Top of Source information
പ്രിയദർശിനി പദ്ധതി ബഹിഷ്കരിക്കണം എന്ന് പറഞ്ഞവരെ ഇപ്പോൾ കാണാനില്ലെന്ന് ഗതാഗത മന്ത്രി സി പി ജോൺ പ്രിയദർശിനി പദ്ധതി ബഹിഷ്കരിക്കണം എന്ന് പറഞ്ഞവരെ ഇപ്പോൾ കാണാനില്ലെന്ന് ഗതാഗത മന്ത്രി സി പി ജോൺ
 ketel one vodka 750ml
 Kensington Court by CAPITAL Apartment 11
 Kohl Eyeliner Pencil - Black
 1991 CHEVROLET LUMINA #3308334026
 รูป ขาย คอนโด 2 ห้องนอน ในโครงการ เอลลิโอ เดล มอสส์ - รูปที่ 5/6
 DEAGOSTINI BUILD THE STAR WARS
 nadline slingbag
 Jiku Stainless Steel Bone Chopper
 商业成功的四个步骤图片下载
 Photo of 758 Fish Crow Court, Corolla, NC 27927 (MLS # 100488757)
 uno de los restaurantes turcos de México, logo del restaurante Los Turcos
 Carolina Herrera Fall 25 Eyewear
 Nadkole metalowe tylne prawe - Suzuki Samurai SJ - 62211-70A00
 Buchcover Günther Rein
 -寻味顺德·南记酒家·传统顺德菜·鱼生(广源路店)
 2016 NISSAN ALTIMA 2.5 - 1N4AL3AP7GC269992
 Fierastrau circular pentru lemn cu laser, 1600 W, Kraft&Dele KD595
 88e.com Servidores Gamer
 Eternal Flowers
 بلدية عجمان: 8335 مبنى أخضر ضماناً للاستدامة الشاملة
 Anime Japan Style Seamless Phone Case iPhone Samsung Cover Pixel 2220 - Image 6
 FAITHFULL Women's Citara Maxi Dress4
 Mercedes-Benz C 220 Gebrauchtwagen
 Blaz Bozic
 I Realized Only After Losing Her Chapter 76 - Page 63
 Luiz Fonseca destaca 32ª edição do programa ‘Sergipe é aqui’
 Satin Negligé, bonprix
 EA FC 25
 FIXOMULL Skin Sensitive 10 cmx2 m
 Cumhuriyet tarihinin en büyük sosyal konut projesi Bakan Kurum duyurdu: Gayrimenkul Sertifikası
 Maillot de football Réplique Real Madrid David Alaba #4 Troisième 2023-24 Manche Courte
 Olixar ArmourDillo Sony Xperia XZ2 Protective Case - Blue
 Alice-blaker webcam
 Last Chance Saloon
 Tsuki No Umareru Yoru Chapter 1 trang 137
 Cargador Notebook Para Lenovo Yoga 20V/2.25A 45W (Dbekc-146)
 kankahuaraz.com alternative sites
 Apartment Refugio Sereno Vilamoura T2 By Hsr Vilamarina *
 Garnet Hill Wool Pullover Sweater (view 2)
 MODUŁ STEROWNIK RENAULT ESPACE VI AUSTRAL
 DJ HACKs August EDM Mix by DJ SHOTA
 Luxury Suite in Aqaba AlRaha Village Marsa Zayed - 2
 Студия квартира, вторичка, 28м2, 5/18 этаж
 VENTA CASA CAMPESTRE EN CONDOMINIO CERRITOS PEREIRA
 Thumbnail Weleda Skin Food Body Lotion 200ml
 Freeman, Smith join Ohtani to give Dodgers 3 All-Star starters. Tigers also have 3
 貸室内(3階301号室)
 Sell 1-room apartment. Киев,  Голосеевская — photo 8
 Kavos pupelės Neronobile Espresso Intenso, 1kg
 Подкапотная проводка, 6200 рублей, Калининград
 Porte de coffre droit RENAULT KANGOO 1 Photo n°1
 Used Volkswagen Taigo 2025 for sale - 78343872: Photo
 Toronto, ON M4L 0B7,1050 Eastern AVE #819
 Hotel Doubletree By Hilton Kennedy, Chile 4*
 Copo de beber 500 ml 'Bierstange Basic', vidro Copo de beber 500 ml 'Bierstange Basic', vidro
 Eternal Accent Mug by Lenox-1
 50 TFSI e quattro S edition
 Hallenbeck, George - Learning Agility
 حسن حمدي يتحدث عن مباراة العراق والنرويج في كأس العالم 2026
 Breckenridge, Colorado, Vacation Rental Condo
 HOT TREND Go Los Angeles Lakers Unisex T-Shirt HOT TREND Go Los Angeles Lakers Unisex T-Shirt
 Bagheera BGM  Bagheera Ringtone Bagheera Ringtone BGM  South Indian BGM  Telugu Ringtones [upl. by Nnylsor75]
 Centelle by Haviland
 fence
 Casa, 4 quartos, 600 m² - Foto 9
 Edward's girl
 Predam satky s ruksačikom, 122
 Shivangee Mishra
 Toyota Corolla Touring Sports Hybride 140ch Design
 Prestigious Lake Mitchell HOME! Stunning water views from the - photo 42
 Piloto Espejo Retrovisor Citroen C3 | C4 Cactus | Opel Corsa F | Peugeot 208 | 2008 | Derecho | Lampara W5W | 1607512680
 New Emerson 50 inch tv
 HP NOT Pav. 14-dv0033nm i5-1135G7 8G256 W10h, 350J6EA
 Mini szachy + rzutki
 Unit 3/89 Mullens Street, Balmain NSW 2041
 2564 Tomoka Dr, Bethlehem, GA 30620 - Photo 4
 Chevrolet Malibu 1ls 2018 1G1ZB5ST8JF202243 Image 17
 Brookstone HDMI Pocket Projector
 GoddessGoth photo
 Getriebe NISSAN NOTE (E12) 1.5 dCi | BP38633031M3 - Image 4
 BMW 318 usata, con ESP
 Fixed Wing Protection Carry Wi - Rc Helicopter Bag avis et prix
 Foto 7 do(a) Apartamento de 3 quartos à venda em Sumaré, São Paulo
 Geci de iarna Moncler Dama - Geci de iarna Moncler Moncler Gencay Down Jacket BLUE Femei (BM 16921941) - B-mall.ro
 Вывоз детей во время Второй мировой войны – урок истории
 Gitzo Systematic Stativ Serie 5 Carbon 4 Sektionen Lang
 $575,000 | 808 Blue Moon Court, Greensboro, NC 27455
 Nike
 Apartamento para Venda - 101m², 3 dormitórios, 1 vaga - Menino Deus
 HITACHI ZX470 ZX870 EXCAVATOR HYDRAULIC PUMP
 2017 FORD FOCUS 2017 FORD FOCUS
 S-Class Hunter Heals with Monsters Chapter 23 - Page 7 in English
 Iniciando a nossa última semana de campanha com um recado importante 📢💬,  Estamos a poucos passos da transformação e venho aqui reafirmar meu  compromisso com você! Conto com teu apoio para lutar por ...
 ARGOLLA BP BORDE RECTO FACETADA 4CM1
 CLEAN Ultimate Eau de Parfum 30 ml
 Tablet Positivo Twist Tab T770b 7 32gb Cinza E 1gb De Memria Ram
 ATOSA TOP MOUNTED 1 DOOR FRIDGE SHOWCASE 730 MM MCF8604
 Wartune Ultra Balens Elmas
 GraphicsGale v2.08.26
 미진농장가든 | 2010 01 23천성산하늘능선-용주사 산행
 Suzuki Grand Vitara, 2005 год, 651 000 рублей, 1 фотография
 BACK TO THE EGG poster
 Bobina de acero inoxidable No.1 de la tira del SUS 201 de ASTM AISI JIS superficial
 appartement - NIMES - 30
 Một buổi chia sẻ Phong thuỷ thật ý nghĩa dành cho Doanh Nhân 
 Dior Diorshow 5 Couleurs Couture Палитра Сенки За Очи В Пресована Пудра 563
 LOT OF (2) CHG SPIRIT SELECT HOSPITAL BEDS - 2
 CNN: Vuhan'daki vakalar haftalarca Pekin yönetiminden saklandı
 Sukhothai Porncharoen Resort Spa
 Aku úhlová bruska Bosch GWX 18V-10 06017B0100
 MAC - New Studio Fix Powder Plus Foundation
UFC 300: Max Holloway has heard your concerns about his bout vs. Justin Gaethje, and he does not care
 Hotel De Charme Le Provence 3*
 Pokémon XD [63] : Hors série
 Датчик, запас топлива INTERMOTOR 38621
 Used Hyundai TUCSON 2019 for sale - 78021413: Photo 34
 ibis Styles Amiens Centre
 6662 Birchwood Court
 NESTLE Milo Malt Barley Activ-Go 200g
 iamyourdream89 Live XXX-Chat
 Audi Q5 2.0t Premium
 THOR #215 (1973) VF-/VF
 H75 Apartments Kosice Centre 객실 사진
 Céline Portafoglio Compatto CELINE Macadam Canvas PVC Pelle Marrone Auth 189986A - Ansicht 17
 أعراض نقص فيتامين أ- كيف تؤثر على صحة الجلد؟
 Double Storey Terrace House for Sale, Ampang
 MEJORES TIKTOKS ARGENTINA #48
Bottom of Source information
__Try it__. Give back, word for word, only the lines above from the line holding "Mini szachy + rzutki" to the line holding "Geci de iarna Moncler Dama", both included.

__Reply to the task__.
 Mini szachy + rzutki
 Unit 3/89 Mullens Street, Balmain NSW 2041
 2564 Tomoka Dr, Bethlehem, GA 30620 - Photo 4
 Chevrolet Malibu 1ls 2018 1G1ZB5ST8JF202243 Image 17
 Brookstone HDMI Pocket Projector
 GoddessGoth photo
 Getriebe NISSAN NOTE (E12) 1.5 dCi | BP38633031M3 - Image 4
 BMW 318 usata, con ESP
 Fixed Wing Protection Carry Wi - Rc Helicopter Bag avis et prix
 Foto 7 do(a) Apartamento de 3 quartos à venda em Sumaré, São Paulo
 Geci de iarna Moncler Dama - Geci de iarna Moncler Moncler Gencay Down Jacket BLUE Femei (BM 16921941) - B-mall.ro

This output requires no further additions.